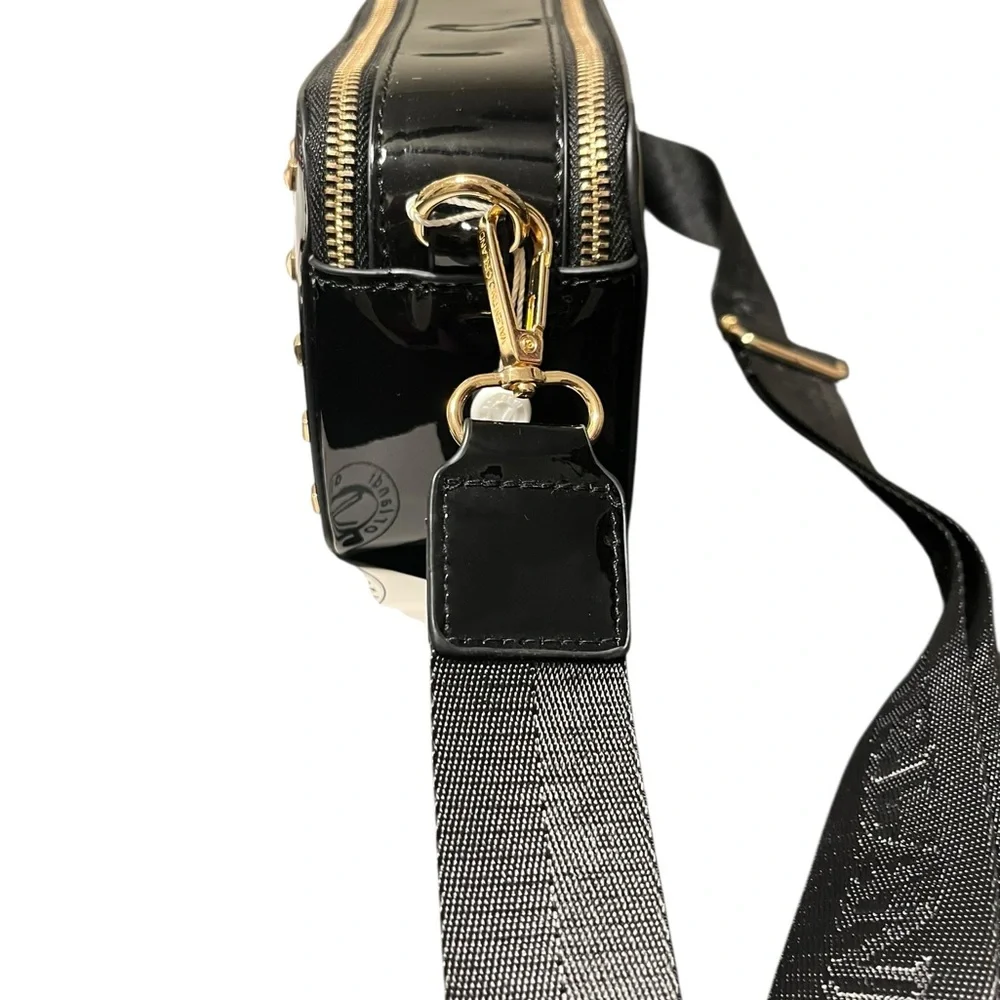 Valentino Orlandi Black Patent Studded Crossbody Camera Bag NWT - Picture 3 of 6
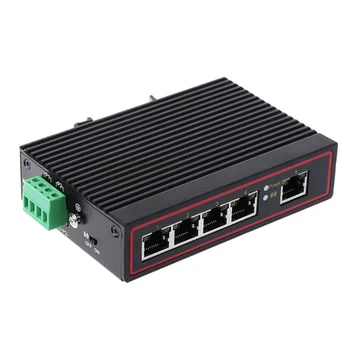 5-Port RJ45 10/100M Ethernet Desktop Switch Šakotuvai Tinklo Nešiojamas DIN Bėgelio Tipas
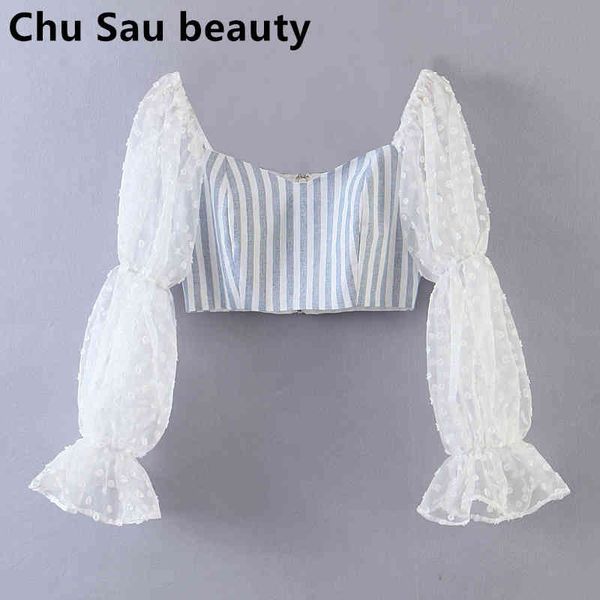 fashion casual denim blue stripes women crop holiday style chic puff sleeve v-neck short blouses summer ropa mujer 210508, White
fashion casual denim blue stripes women crop holiday style chic puff sleeve v-neck short blouses summer ropa mujer 210508, White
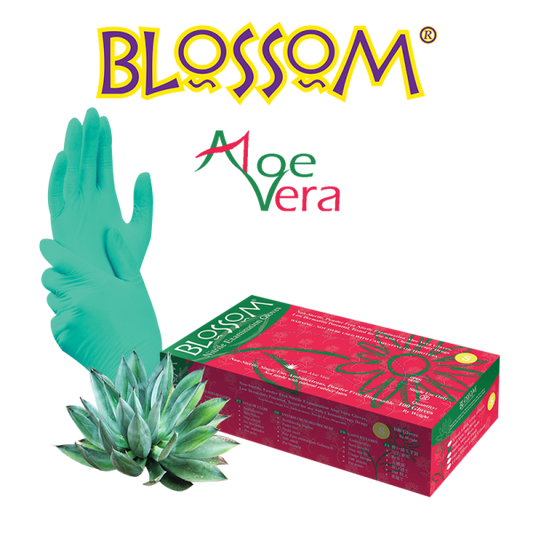 Blossom 無粉綠色丁腈蘆薈手套 Green Aloe Vera Powder Free Nitrile Exam Gloves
^^^^
### Exercise
Restate each entry exactly, omitting pictures.

### Expected answer
 Valentino Orlandi Black Patent Studded Crossbody Camera Bag NWT - Picture 3 of 6
 5-Port RJ45 10/100M Ethernet Desktop Switch Šakotuvai Tinklo Nešiojamas DIN Bėgelio Tipas
 fashion casual denim blue stripes women crop holiday style chic puff sleeve v-neck short blouses summer ropa mujer 210508, White
fashion casual denim blue stripes women crop holiday style chic puff sleeve v-neck short blouses summer ropa mujer 210508, White
 Blossom 無粉綠色丁腈蘆薈手套 Green Aloe Vera Powder Free Nitrile Exam Gloves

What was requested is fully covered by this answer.